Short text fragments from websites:

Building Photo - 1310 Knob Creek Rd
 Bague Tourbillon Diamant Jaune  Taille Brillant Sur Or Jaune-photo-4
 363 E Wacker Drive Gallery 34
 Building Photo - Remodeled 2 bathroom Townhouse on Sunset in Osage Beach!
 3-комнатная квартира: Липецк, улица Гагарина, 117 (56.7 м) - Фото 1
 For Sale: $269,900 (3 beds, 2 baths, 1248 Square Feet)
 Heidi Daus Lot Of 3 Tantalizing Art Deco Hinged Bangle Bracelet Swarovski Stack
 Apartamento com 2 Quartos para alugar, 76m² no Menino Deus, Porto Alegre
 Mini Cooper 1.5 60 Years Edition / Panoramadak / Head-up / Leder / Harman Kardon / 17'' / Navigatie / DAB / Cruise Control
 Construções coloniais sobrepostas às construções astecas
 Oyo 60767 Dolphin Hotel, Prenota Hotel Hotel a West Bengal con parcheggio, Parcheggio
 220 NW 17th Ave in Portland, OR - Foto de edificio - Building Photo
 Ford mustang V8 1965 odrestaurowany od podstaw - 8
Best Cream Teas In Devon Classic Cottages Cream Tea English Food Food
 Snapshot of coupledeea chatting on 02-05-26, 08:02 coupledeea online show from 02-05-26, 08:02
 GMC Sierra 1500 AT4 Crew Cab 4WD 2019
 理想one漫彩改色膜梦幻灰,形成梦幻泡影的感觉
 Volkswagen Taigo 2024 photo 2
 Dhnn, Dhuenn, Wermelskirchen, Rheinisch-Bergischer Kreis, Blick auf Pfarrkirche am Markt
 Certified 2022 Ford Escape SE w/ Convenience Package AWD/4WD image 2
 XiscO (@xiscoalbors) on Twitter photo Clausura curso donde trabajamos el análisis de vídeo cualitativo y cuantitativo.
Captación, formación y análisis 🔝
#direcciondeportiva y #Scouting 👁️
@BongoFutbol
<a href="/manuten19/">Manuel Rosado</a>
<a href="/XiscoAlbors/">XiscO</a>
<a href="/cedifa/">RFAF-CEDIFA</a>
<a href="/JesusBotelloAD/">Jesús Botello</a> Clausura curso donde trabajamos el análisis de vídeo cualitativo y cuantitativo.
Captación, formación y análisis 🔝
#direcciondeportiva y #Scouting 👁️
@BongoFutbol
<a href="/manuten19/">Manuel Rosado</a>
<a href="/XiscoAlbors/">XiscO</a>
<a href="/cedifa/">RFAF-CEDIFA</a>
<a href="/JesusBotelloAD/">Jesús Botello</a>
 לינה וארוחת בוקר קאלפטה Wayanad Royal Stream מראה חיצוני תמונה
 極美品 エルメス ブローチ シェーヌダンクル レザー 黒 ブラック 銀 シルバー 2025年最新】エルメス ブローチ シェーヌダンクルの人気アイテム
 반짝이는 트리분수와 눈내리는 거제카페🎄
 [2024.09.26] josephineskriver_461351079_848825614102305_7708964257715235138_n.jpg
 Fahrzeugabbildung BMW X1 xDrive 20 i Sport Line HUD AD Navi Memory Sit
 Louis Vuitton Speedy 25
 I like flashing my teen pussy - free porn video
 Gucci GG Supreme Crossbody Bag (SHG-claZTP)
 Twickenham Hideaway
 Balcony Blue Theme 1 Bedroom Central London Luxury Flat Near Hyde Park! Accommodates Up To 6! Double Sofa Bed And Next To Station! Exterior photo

WHAT IS NEEDED – Reproduce all of the data. Leave every line unchanged.

EXERCISE SOLUTION –
Building Photo - 1310 Knob Creek Rd
 Bague Tourbillon Diamant Jaune  Taille Brillant Sur Or Jaune-photo-4
 363 E Wacker Drive Gallery 34
 Building Photo - Remodeled 2 bathroom Townhouse on Sunset in Osage Beach!
 3-комнатная квартира: Липецк, улица Гагарина, 117 (56.7 м) - Фото 1
 For Sale: $269,900 (3 beds, 2 baths, 1248 Square Feet)
 Heidi Daus Lot Of 3 Tantalizing Art Deco Hinged Bangle Bracelet Swarovski Stack
 Apartamento com 2 Quartos para alugar, 76m² no Menino Deus, Porto Alegre
 Mini Cooper 1.5 60 Years Edition / Panoramadak / Head-up / Leder / Harman Kardon / 17'' / Navigatie / DAB / Cruise Control
 Construções coloniais sobrepostas às construções astecas
 Oyo 60767 Dolphin Hotel, Prenota Hotel Hotel a West Bengal con parcheggio, Parcheggio
 220 NW 17th Ave in Portland, OR - Foto de edificio - Building Photo
 Ford mustang V8 1965 odrestaurowany od podstaw - 8
Best Cream Teas In Devon Classic Cottages Cream Tea English Food Food
 Snapshot of coupledeea chatting on 02-05-26, 08:02 coupledeea online show from 02-05-26, 08:02
 GMC Sierra 1500 AT4 Crew Cab 4WD 2019
 理想one漫彩改色膜梦幻灰,形成梦幻泡影的感觉
 Volkswagen Taigo 2024 photo 2
 Dhnn, Dhuenn, Wermelskirchen, Rheinisch-Bergischer Kreis, Blick auf Pfarrkirche am Markt
 Certified 2022 Ford Escape SE w/ Convenience Package AWD/4WD image 2
 XiscO (@xiscoalbors) on Twitter photo Clausura curso donde trabajamos el análisis de vídeo cualitativo y cuantitativo.
Captación, formación y análisis 🔝
#direcciondeportiva y #Scouting 👁️
@BongoFutbol
<a href="/manuten19/">Manuel Rosado</a>
<a href="/XiscoAlbors/">XiscO</a>
<a href="/cedifa/">RFAF-CEDIFA</a>
<a href="/JesusBotelloAD/">Jesús Botello</a> Clausura curso donde trabajamos el análisis de vídeo cualitativo y cuantitativo.
Captación, formación y análisis 🔝
#direcciondeportiva y #Scouting 👁️
@BongoFutbol
<a href="/manuten19/">Manuel Rosado</a>
<a href="/XiscoAlbors/">XiscO</a>
<a href="/cedifa/">RFAF-CEDIFA</a>
<a href="/JesusBotelloAD/">Jesús Botello</a>
 לינה וארוחת בוקר קאלפטה Wayanad Royal Stream מראה חיצוני תמונה
 極美品 エルメス ブローチ シェーヌダンクル レザー 黒 ブラック 銀 シルバー 2025年最新】エルメス ブローチ シェーヌダンクルの人気アイテム
 반짝이는 트리분수와 눈내리는 거제카페🎄
 [2024.09.26] josephineskriver_461351079_848825614102305_7708964257715235138_n.jpg
 Fahrzeugabbildung BMW X1 xDrive 20 i Sport Line HUD AD Navi Memory Sit
 Louis Vuitton Speedy 25
 I like flashing my teen pussy - free porn video
 Gucci GG Supreme Crossbody Bag (SHG-claZTP)
 Twickenham Hideaway
 Balcony Blue Theme 1 Bedroom Central London Luxury Flat Near Hyde Park! Accommodates Up To 6! Double Sofa Bed And Next To Station! Exterior photo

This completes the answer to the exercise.